YOUR GOAL:
Locate the line that contains "女明星网红戴墨镜照片,网红女星的时尚演绎" in the entries below, then repeat it and every following line through the line that contains "Dj konferansjer imprezy", exactly, and no others.

TASK INPUTS:
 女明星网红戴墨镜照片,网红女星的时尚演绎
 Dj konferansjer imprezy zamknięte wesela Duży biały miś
---
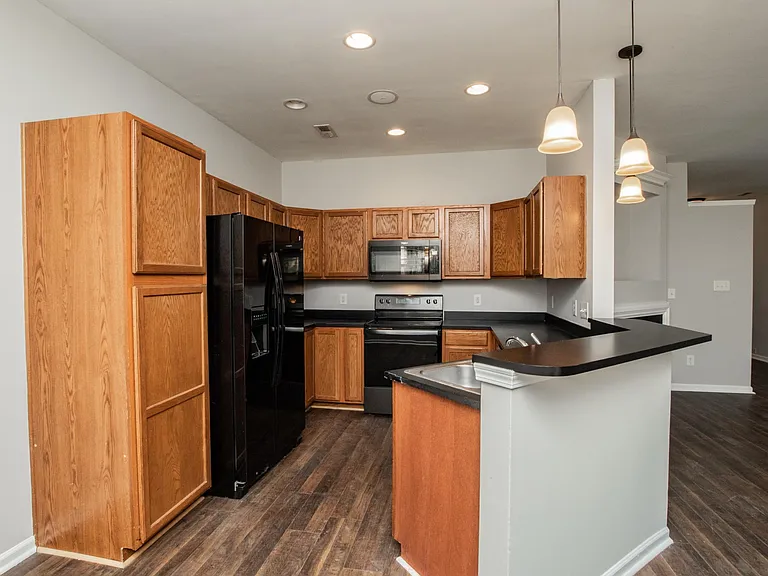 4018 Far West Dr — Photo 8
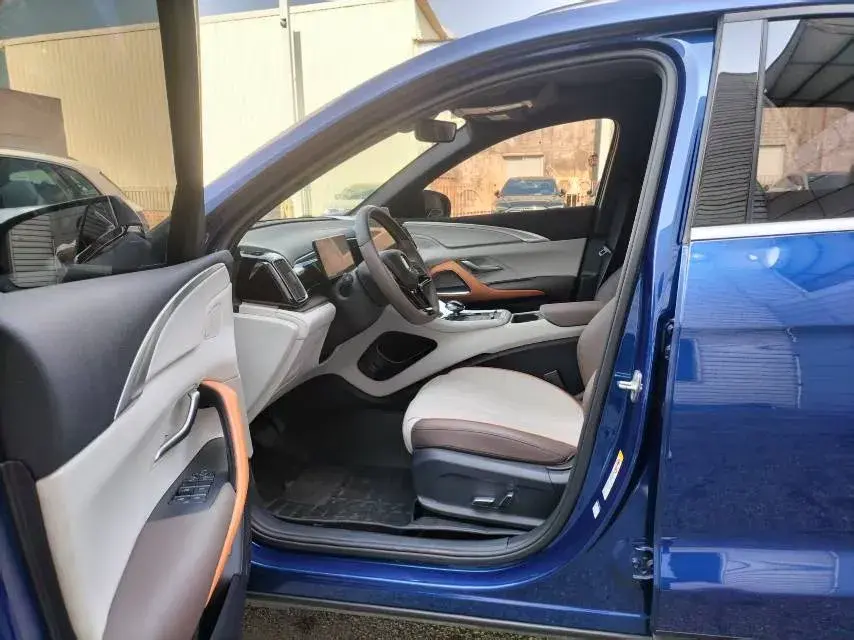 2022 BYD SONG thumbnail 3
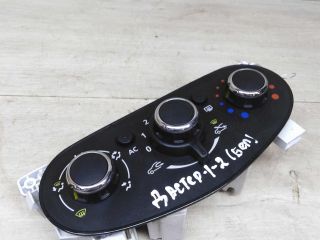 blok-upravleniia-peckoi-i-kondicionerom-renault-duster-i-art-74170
...
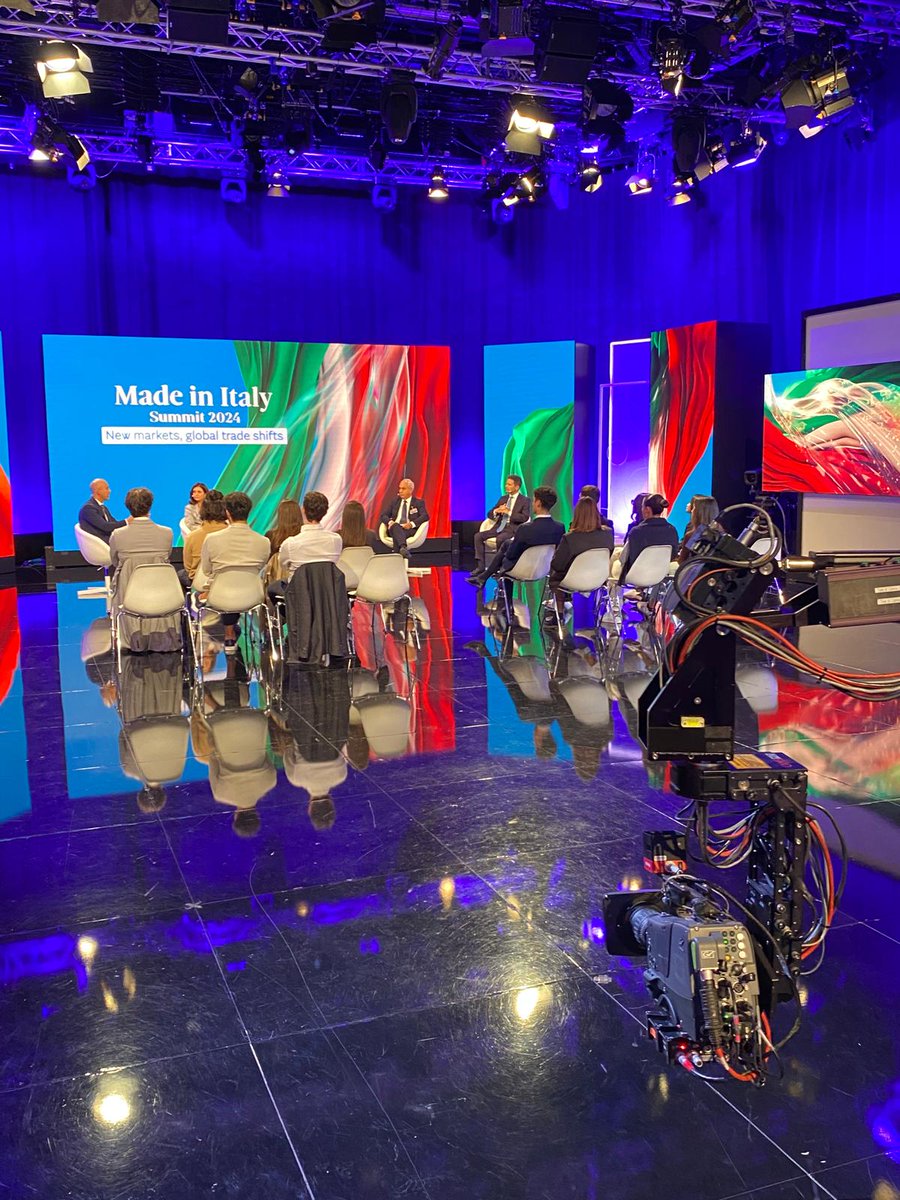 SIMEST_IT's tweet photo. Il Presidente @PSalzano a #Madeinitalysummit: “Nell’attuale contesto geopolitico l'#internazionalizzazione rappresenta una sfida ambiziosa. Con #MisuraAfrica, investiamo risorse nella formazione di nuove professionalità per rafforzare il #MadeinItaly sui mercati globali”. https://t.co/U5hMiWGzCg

TASK RESULT:
 女明星网红戴墨镜照片,网红女星的时尚演绎
 Dj konferansjer imprezy zamknięte wesela Duży biały miś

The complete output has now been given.